Thorpe at the 1912 Summer Olympics.
Jacobus Franciscus "Jim" Thorpe (Meskwaki: Wa-Tho-Huk) (May 28, 1888–March 28, 1953) was an American athlete. Considered one of the most versatile athletes in modern sports, he won Olympic gold medals in the pentathlon and decathlon, played American football collegiately and professionally, and also played professional baseball and basketball. He subsequently lost his Olympic titles when it was found he had played two seasons of minor league baseball before competing in the games (thus violating the amateur status rules).
Thorpe was of mixed Native American and white ancestry. He was raised as a Sac and Fox, and named Wa-Tho-Huk, roughly translated as "Bright Path". He struggled with racism throughout much of his life and his accomplishments were publicized with headlines describing him as a "Redskin" and "Indian athlete". He also played on several All-American Indian teams throughout his career and barnstormed as a professional basketball player with a team composed entirely of Native Americans.
Thorpe was named the greatest athlete of the first half of the twentieth century by the Associated Press (AP) in 1950, and ranked third on the AP list of athletes of the century in 1999. After his professional sports career ended, Thorpe lived in abject poverty. He worked several odd jobs, struggled with alcoholism, and lived out the last years of his life in failing health. In 1983, thirty years after his death, his medals were restored.
Information about Thorpe's birth, full name, and ethnic background varies widely.

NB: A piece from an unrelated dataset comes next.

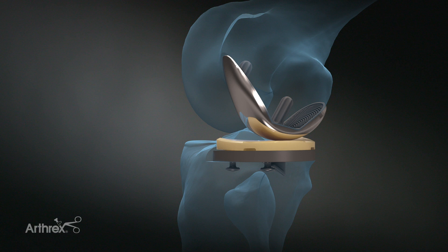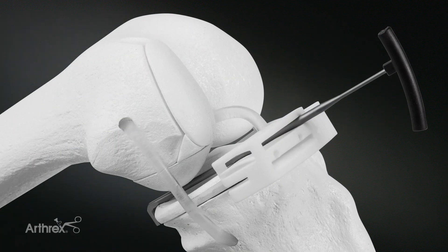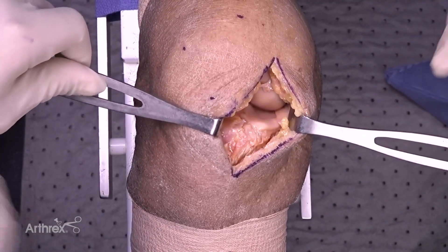Today we're going to perform an Arthrex iBalance Medial Unicompartmental Arthroplasty. We are going to be demonstrating a new tibial cutting guide. It's very unique — a disposable guide that uses patient-specific slope and depth of resection, and really simplifies this procedure to give a reproducible flexion-extension space.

What is known is that he was born in Indian Territory, but no birth certificate has been found. Thorpe's birth is generally considered to have taken place on May 28, 1888 near the town of Prague, Oklahoma. Jacobus Franciscus Thorpe is the name on his christening (baptismal) certificate.

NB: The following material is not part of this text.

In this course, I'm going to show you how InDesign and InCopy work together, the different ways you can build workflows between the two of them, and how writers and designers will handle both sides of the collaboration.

His parents were of mixed descent. His father, Hiram Thorpe, had an Irish father and a Sac and Fox Indian mother, while his mother, Charlotte Vieux, had a French father and a Native American mother. Thorpe was raised as a Sac and Fox, and his native name was Wa-Tho-Huk, translated as "A path lighted by a great flash of lightning" or more simply "Bright Path". As was the custom for Sac and Fox, Thorpe was named for something occurring around the time of his birth, in this case the sunlight brightening the path to the cabin where he was born.